Indeed the light switch has been identified as a production problem in the first batch. Though it is not functionally interfering with the ballast or any other led codes,it should not have happened. We have a repair solution available for it though, which requires the switch and connected PCB to be exchanged. It is a simple 3min repair and our distributors offer repair services.

It took a bit of time to come up with a good repair solution and coordinate this with our local distributors but it is in place now. New series do not have this problem any more. Though it is annoying indeed that during installation you do not get a good feedback from the ballast as for the status of the control signal, it does not interfere with the operation or performance of the fixture as such and many users choose to just ignore it as they wanted to replace the led lenses anyways.

About those opaque lenses: though we do not believe that the intensity of the signaling led will interfere with photoperiodicity (it is diffuse light at much lower intensities than for example the moon, one signaling light per 1-2 square meters, depending on the wattage of the fixture), we wanted to address the worries of some growers anyway.

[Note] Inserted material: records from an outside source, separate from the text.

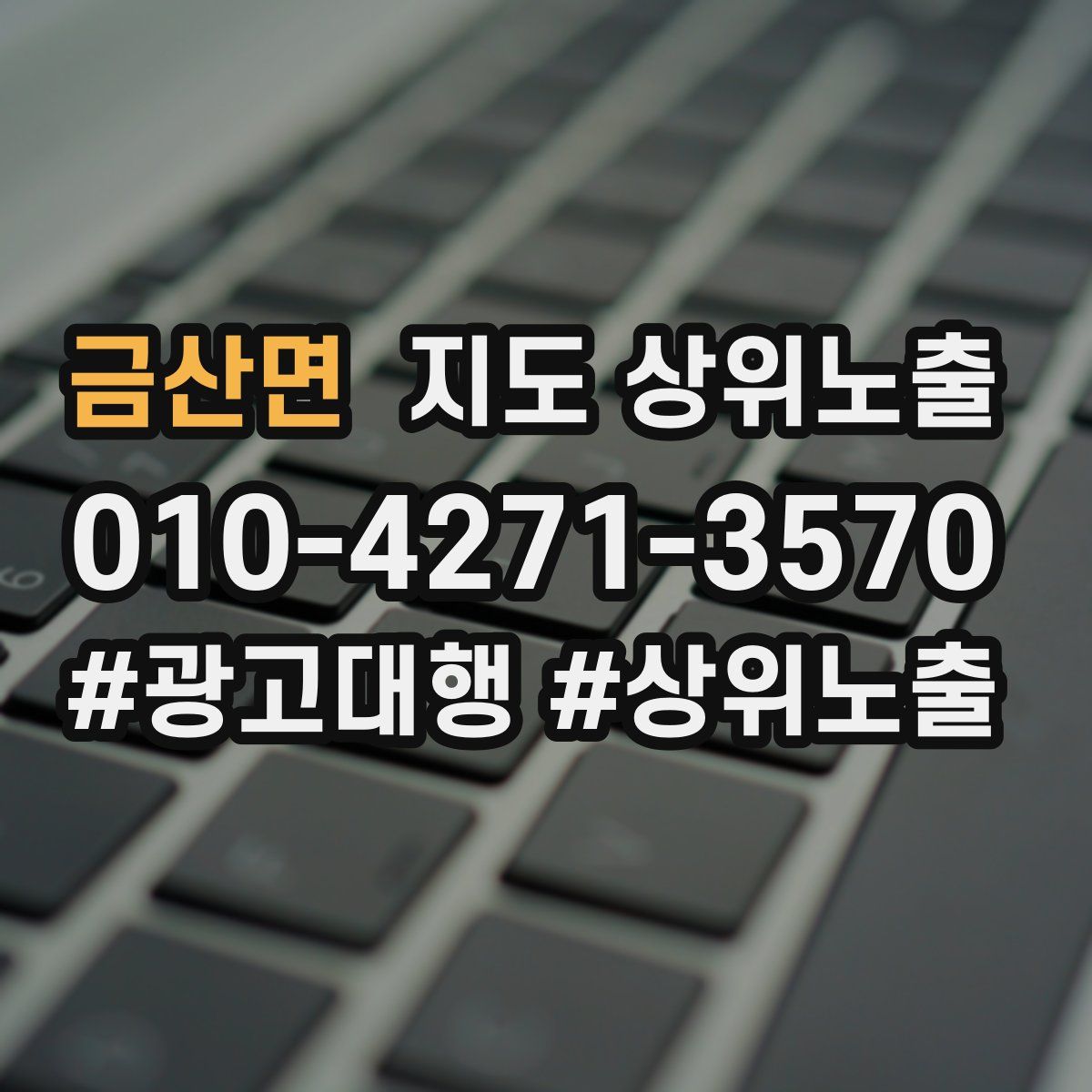 금산면 지도 상위 노출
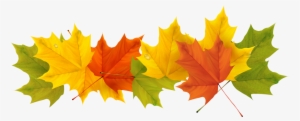Fall Leaves Border Transparent #73639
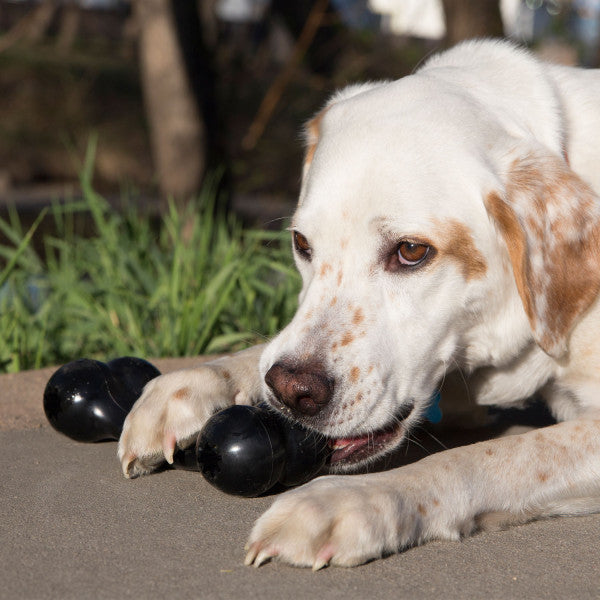 KONG Extreme Goodie Bone L
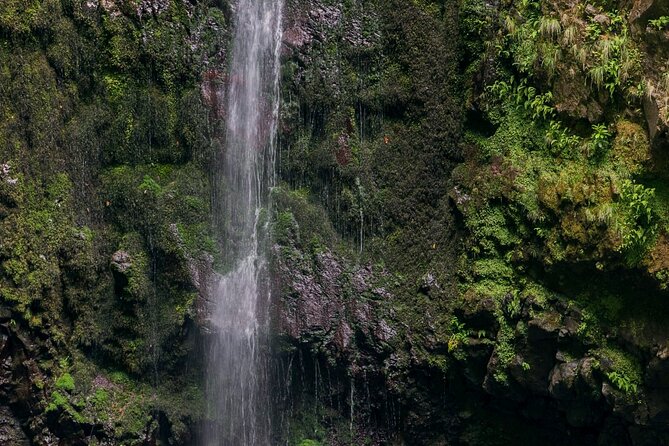 Caldeirão Verde Levadas Walk in Madeira - The early pickup and long day from Funchal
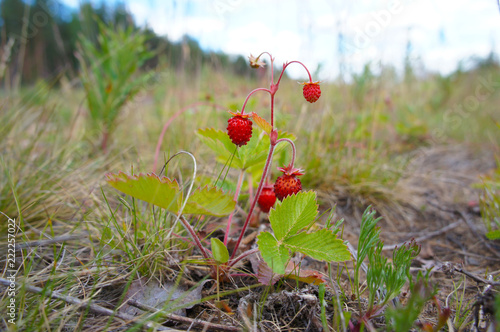 Woodland strawberry or wild strawberry or fragaria vesca plant with red berry  photo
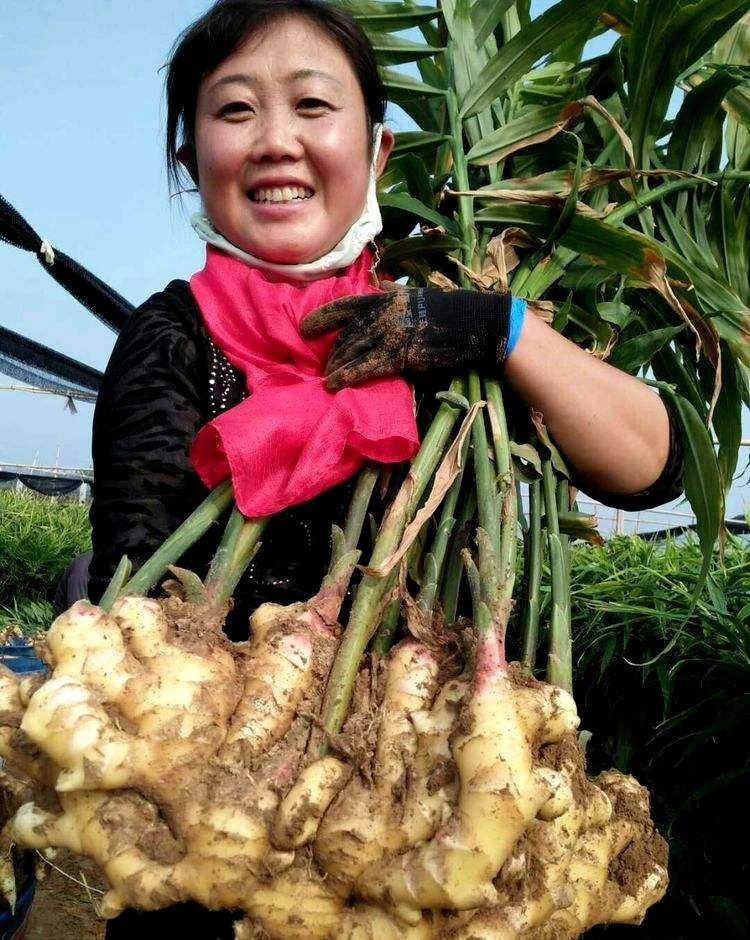 今日生姜价格行情解析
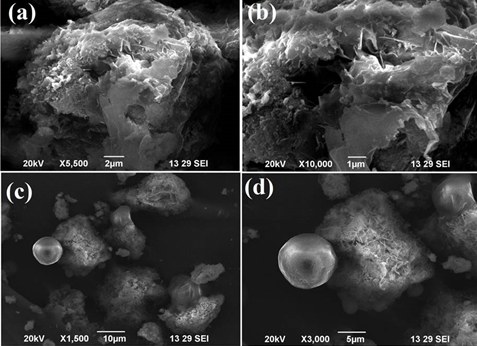 Figure 5: SEM Images of Er-Doped MgO Nanoparticles.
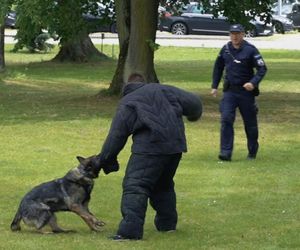 Policjanci i ich psy służbowe walczyli o tytuł! Kto okazał się najlepszy?
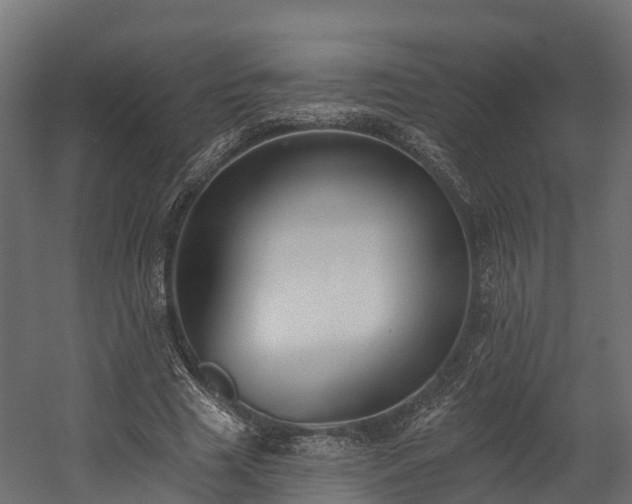 X0000058810633200510031348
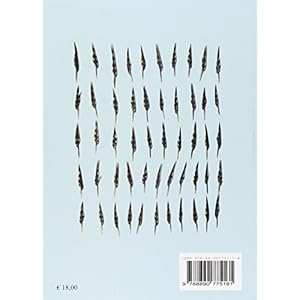 Antologia della beccaccia. Mito e contromito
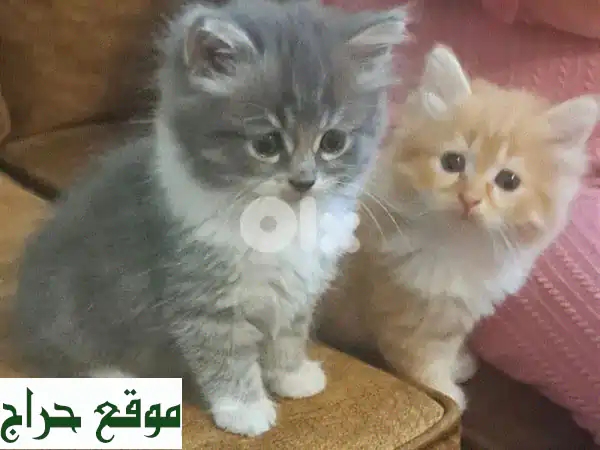 أجمل قطط شيرازي وهملايا بيور للبيع | رفاقك...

So though this is a different issue than the incorrect code, in the cases where a grower is worried about this led light an opaque lens solves both issues. In other cases either the code is ignored or we offer to repair the fixture at one of our local service centers at our distributors.

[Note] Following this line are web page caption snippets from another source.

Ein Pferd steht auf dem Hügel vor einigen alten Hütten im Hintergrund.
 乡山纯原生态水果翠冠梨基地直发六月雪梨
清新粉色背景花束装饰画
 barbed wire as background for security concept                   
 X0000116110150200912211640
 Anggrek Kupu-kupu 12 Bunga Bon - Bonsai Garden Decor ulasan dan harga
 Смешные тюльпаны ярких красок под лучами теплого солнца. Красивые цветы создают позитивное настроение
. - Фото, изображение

We also include opaque lenses for the led in the standard fixture accessories, but again, that is not related to the led stand-by error code in some of the fixtures of the first batch.
 

whazzup

Member
Veteran
For support on Gavita please do not pm me nor contact us on Facebook, that is not very productive: I do not read pm's very often and we have a staff to answer questions on our support system. Simply open a ticket on the Gavita holland website, average response time is less than a working day where it may take a few weeks for me to read my personal messages ;)
 

whazzup

Member
Veteran
It is probably somewhere in this thread already and for sure we mention it in the manuals: please burn-in your lamps for the first 100 hours at 100% for the lamps to stabilize. If you don't do that it could result into cycling of the lamp in low or high settings. This is something we recommend for all HPS lamps though.
 
Whazzup! It was a pleasure and honor to meet you at the maximum yield show in Boston!
One of the things I brought up was how the trolls bust your balls and ask the same tired questions they could answer themselves if they just read through the thread. Thank you so much for sharing. On a personal note I really got a kick out of talking to you Europeans.
 
I'm not sure if the published (April, 2014) work by Dr. Nelson and Bugbee has been posted about here?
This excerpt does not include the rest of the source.